Data section —
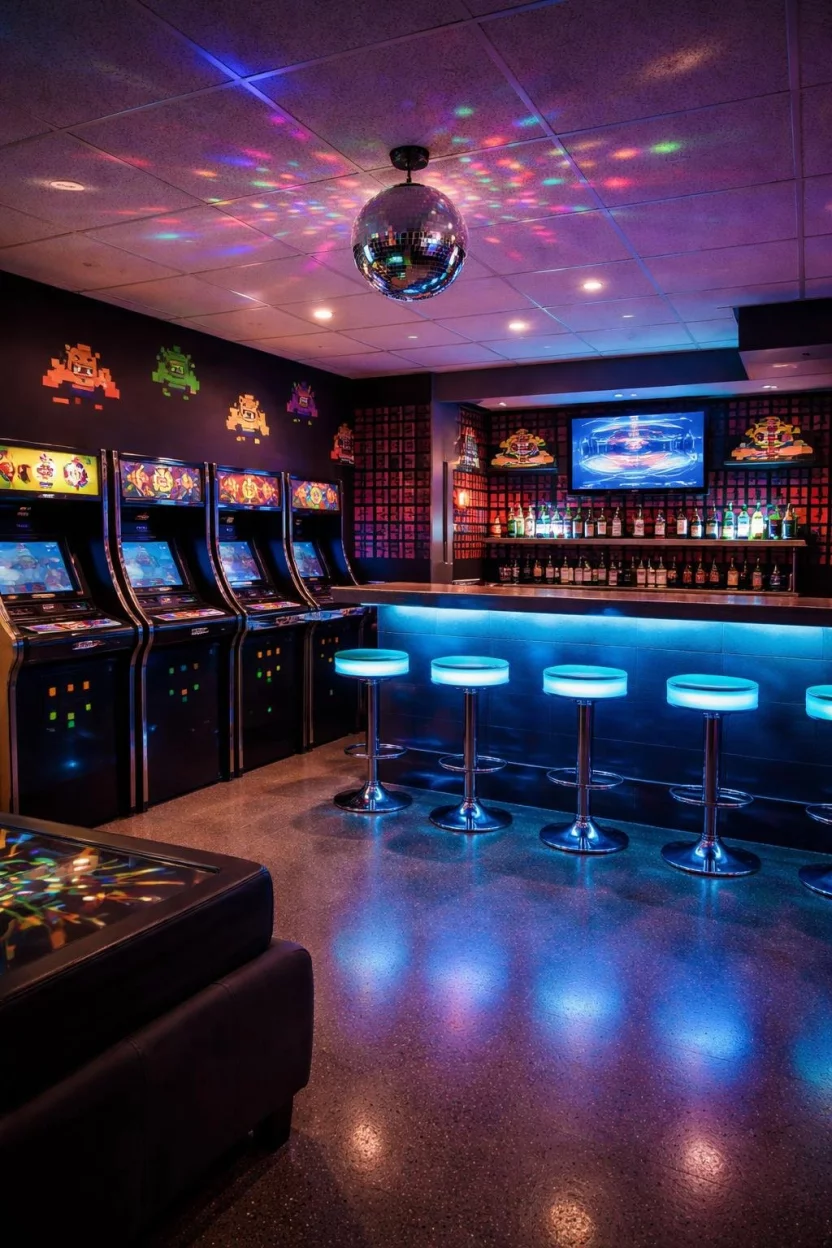 A realistic photo of a basement bar with pixel art wall decals, a row of classic arcade machines, glowing blue LED bar stools, and a multi colored disco ball.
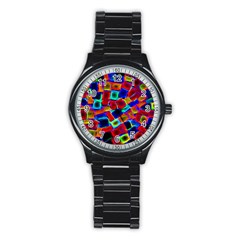 Neon Glow Glowing Light Design Stainless Steel Round Watch by HermanTelo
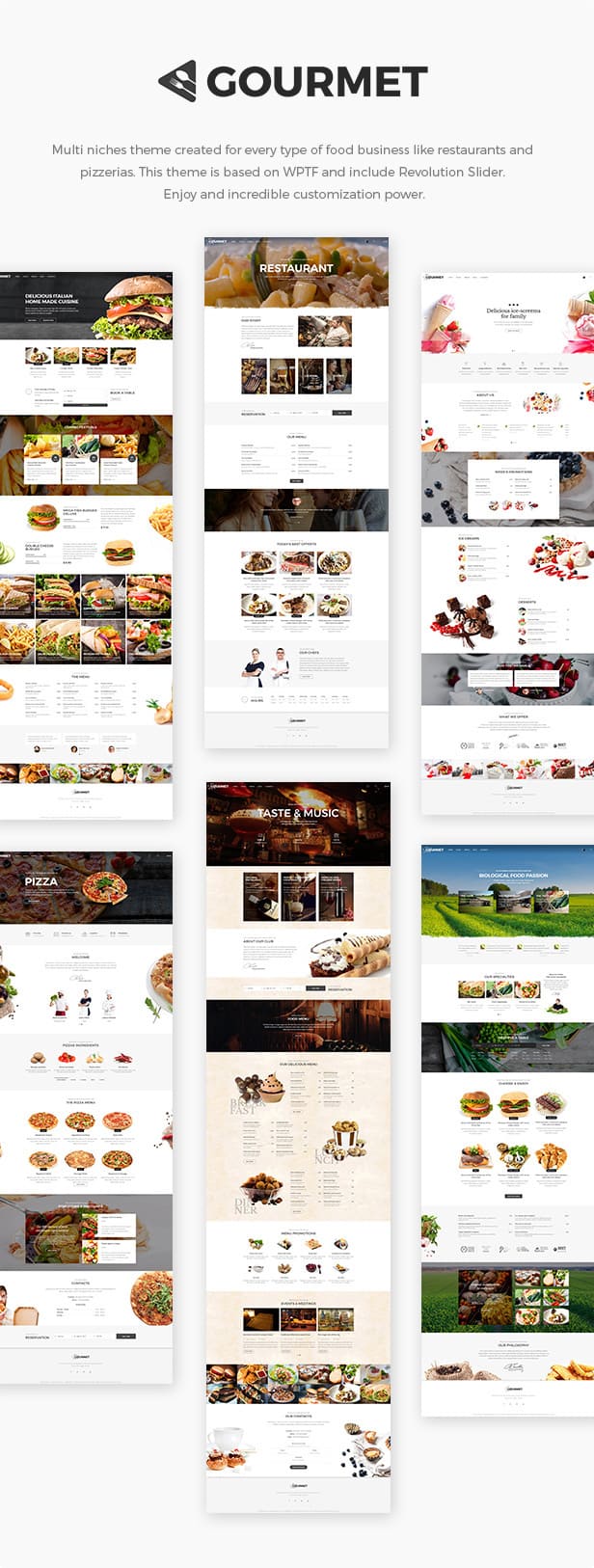 Menu of the Gourmet restaurant and food theme.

Directions for this task — Leave the pictures out and restate the listing word for word.

Answer area —
 A realistic photo of a basement bar with pixel art wall decals, a row of classic arcade machines, glowing blue LED bar stools, and a multi colored disco ball.
 Neon Glow Glowing Light Design Stainless Steel Round Watch by HermanTelo
 Menu of the Gourmet restaurant and food theme.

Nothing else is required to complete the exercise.